The tragedy of mental illness

The issue of caring for those with mental illness is once again in the headlines because of the recent tragedy in Arizona. Unfortunately, as most mental health advocates and families with affected members are already all too aware, this little dustup over services available will soon fade, as will any bump in funding it creates. It will stay faded until the next tragedy. Then the cycle will again kick in.

The problems inherent in dealing with people with mental illness are multiple and often can seem insurmountable. For starters, this is a chronic illness that is never “cured”. It can be controlled but that control can slip faster than a politician’s ethics. For many people with mental illness, taking medication makes them feel much, much better. And when they are feeling that much better, they resent some of the chronic side effects of the fairly heavy-duty drugs they must take daily. Eventually they figure they are doing so well they don’t need medication anymore. And the cycle starts anew.

Another problem in helping the mentally ill is that we are (thankfully) a country that recognizes the rights of individuals to make their own decisions so long as those decisions do not harm them or others. So even though the family of a mentally ill person might see the disintegration in thought and behavior occurring, until such time as it causes significant harm or danger to someone, there is nothing the law can do to help them.

What families get to do is watch a person they love descend further into that black hole until society finally finds their actions so egregious that they are taken to a locked facility for the help they do not want to willingly accept. And what happens in that facility? They are given counseling and medication and they slowly come back to a healthier mental state. Which means that they are no longer considered a threat to themselves or others and so are released. Cue the start of the cycle again.

For most families living with this cycle, the tragedy in Arizona is one they know could happen to them. They know the next phone call can bring news of some unimaginable horror, whether because their relative has hurt someone or finally, unable to stand the constant pain, permanently put themselves beyond that pain.

The answers for those suffering from mental illnesses are few and rarely totally successful. Because of the chronic nature of these diseases, society is asked to continue to put money into care for people who are often not able to contribute back to society anything near what society is asked to give to them. Some are. But many cling to the rungs of “sanity” with their fingertips and have no energy to do much more than hold on.

Our society is not famous for being patient.
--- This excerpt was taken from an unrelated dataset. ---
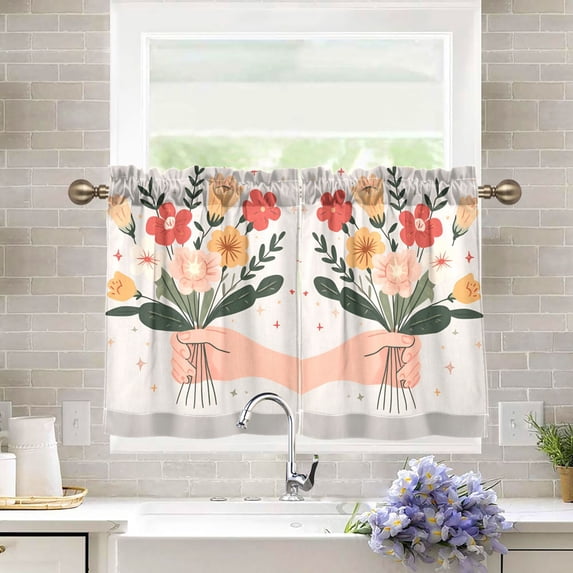 Yayeee Kitchen Curtains Tier Pair Light Filtering 27"x24" Rod Pocket Short Cafe Window Panel, Yellow Cute Flower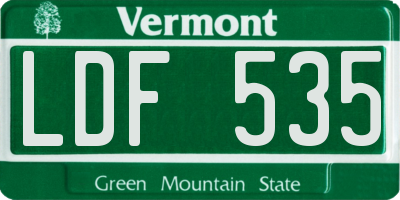 VT license plate LDF535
When problems arise, we want them solved sometime between the first commercial and the next show. Beyond that we tend to lose focus.

It was easier in the past when people with mental illnesses were put in institutions and we locked the doors and walked away. But what was easier for society was not very helpful to the mentally ill, nor was it very fair to lock people up for their whole lives because they were ill. Even some murderers get a chance for parole. And most mentally ill people are simply not guilty of anything more or less than being ill.

The hope, as always, is that someday science will find the root cause of mental illness and a way to treat it at its base so that people can go on to live healthy productive lives. Until that time, our resources are limited and the impetus for us as a society to provide the amount of care needed to keep both us and people suffering from these illnesses safe waxes and wanes with each new tragedy.

Meanwhile, family watch with grief as someone they love so very much is seemingly immune to all their attempts to help. Someday, we will look back at the way we treat mental illness today the same way we look back at bleeding patients to cure their black humors in medieval times – something barbaric and ignorant. Yet, tragically, it’s all we currently have to offer.